My code has transports for QMClient, mv.NET, UniObjects, MVSP, and
SSH, and any one of these can be used to any DBMS simply by changing a
config file. That buys me a ton of versatility for business and
technical reasons.
Here is the key factor in my thinking... When moving data with
different communications tools, we occasionally see low-end or
high-end bytes getting lost as they are internally used as delimiters.
So as an example, if product X happens to use x02 and x03 as start/end
data markers, the data flow will be interrupted when a chinese or
arabic name includes 0A02 or 031C. mv.NET (maybe other products?) has
configuration settings that specifically remap 8bit characters to 7bit
to accommodate differences in how different OS's and databases handle
these things, but that doesn't help if we get low-end characters. I
don't want to code for underlying transports and OS differences, so
putting "pure ASCII" on the wire as hex pairs was a decision of
self-defense compared to technical elegance. If I start working with
some SOA that uses UTF16, this code will all still work as-is - I
don't know if one could say the same for any other mechanism that puts
actual UTF characters on the wire. Again, it's just defensive coding.
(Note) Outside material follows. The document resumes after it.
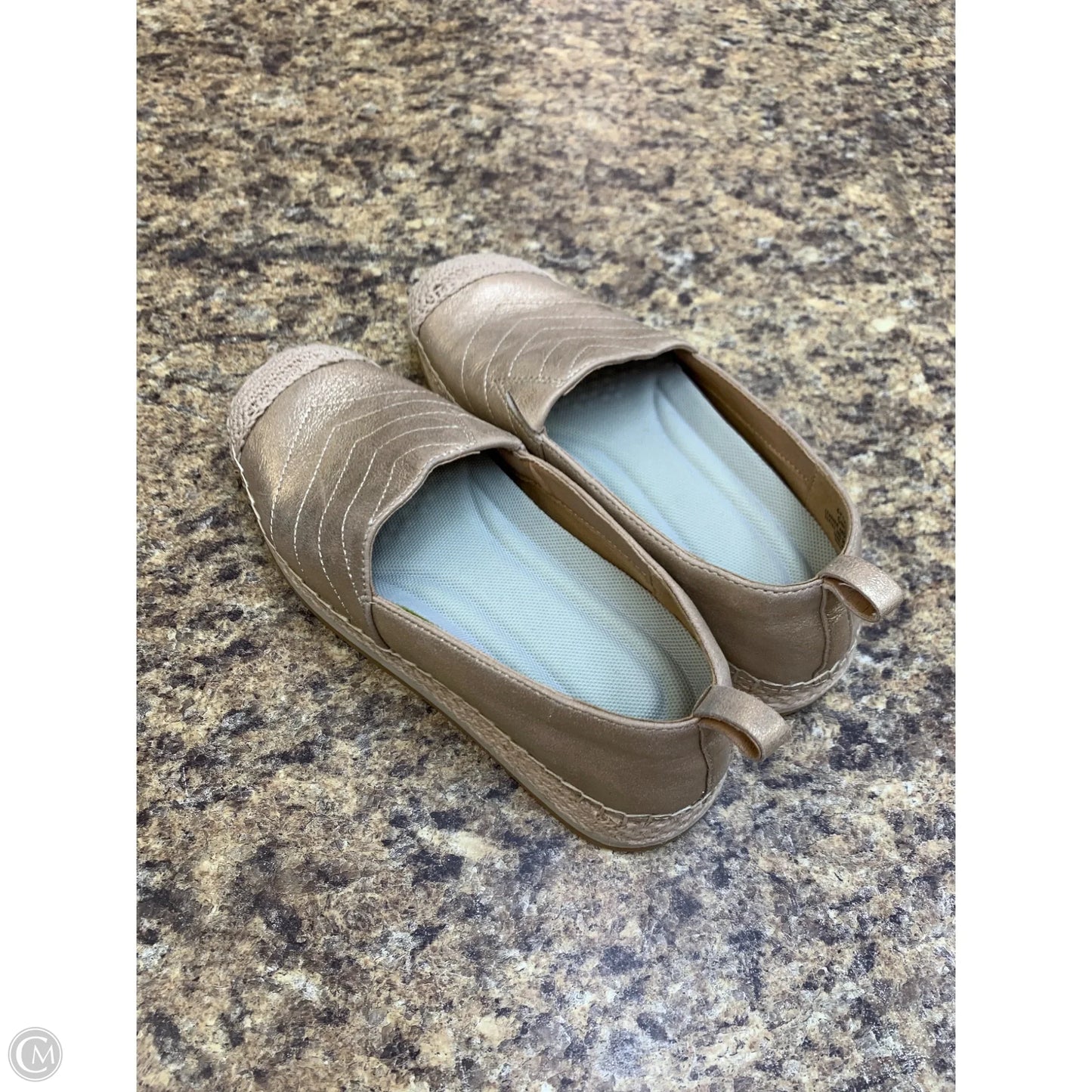 Shoes Flats By Crown Vintage In Gold, Size: 6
BTW, over a decade ago a serious engineering effort was undertaken to
make D3 natively support both Russian and Thai. I don't know the
status of that feature but just FYI, it's in there.
At some point I might move any project like the one I'm working on now
to a DBMS that has full support for NLS, UTF16, or whatever seems to
be the best LCD for storage and communications. An environment that
natively supports unicode may have advantages over those that do not.
T